1. Can you explain the internal architecture of Kafka?

   Apache Kafka is a distributed streaming platform that is designed to handle large-scale data processing (with high throughput, fault tolerance, and scalability) and real-time event streaming. The internal architecture of Kafka consists of several key components that work together to provide high throughput, fault tolerance, and scalability. Here is an overview of the internal architecture of Kafka:

   1. Broker: A Kafka cluster consists of one or more brokers, which are individual servers that store and manage topics and partitions. Each broker is responsible for handling client requests, storing data, and replicating data across the cluster.

      • Leader and Follower: For each partition, one broker is elected as the leader, and one or more brokers are followers. The leader handles all read and write requests, while followers replicate the data to ensure fault tolerance.

   2. Topic: A topic is a logical channel to which data is sent and from which data is read. Topics are categories or feed names to which messages are published. Topics are divided into partitions to allow for parallel processing and distribution of messages across multiple brokers.

   3. Partition: Each topic is split into multiple partitions. Partitions allow Kafka to scale horizontally and provide parallelism. Each partition is an ordered, immutable sequence of records that are continually appended.
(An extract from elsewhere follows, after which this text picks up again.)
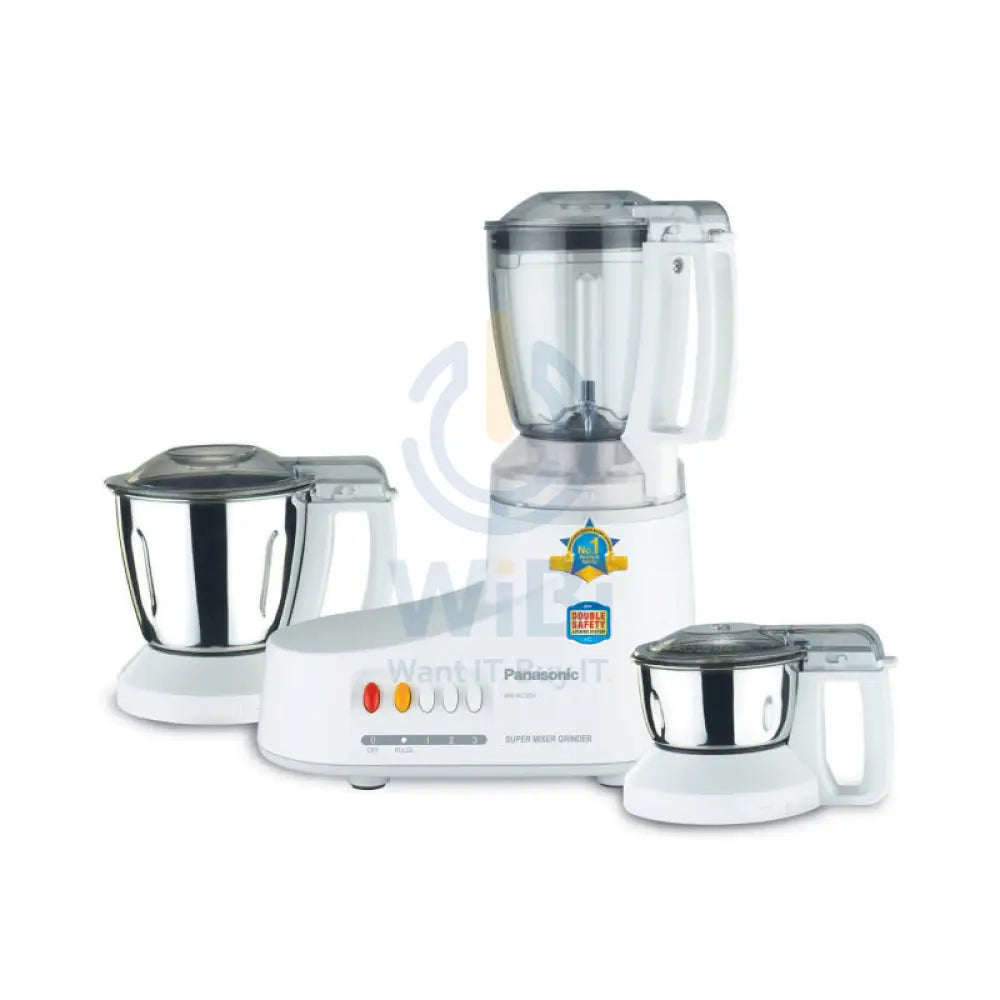 Panasonic MX-AC300 Mixer Grinder with 3 Jars Accessories > Smart Devices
   4. Producer: Producers are client applications that send records to a Kafka topic. Producers can choose which partition to send records to within a topic (usually using a key for partitioning).

      • Acknowledgment: Producers can choose to receive acknowledgments from brokers after successfully writing messages to Kafka. Acknowledgments can be synchronous or asynchronous, depending on the desired level of reliability.
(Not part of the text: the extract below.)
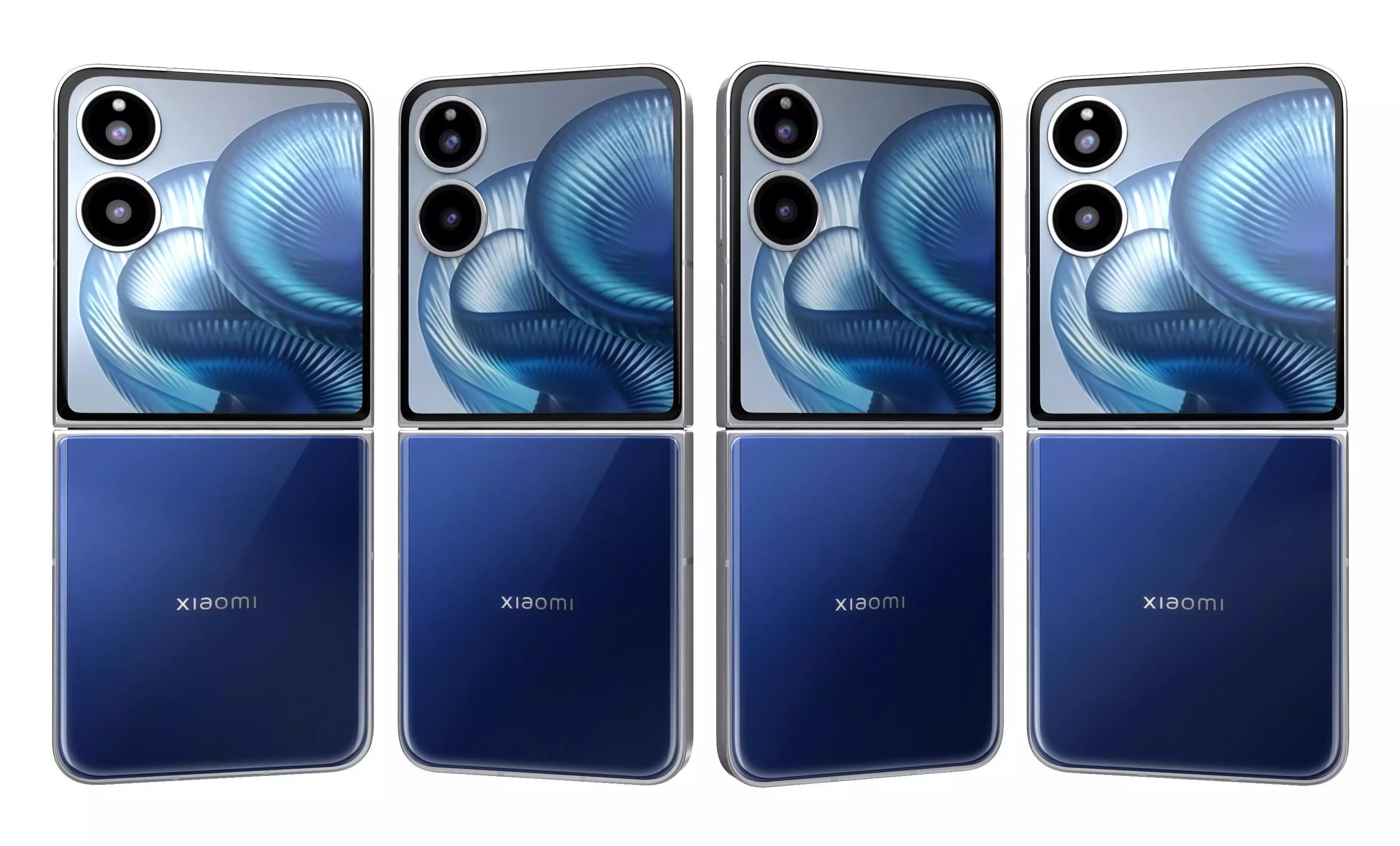 Xiaomi MIX Flip 2 Deep Sea Blue 3D model_5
   5. Consumer: Consumers are client applications that subscribe to topics and consume messages from Kafka partitions. Consumers read messages from partitions in the order they were produced. Consumers can be part of a consumer group, where each record is delivered to one consumer in the group, ensuring load balancing and fault tolerance.

      • Consumer Group: A consumer group is a group of consumers that work together to consume messages from one or more topics. Each consumer in a group is assigned a subset of partitions to read from, enabling parallel processing and load balancing.
      • Offset Management: Consumers track their progress by storing the offset of the last message they have read, allowing them to resume reading from the correct position after a restart.
      • Consumer Rebalancing: Kafka automatically rebalances partitions among consumers in a consumer group when new consumers join or existing consumers leave the group.
      • Consumer Offset Commitment: Consumers can commit offsets to Kafka to indicate that they have successfully processed messages. This allows consumers to resume reading from the last committed offset in case of failure.

   6. ZooKeeper: ZooKeeper is used by Kafka for cluster coordination, metadata management, and leader election. ZooKeeper maintains information about brokers, topics, partitions, and consumer groups, ensuring consistency and synchronization across the Kafka cluster.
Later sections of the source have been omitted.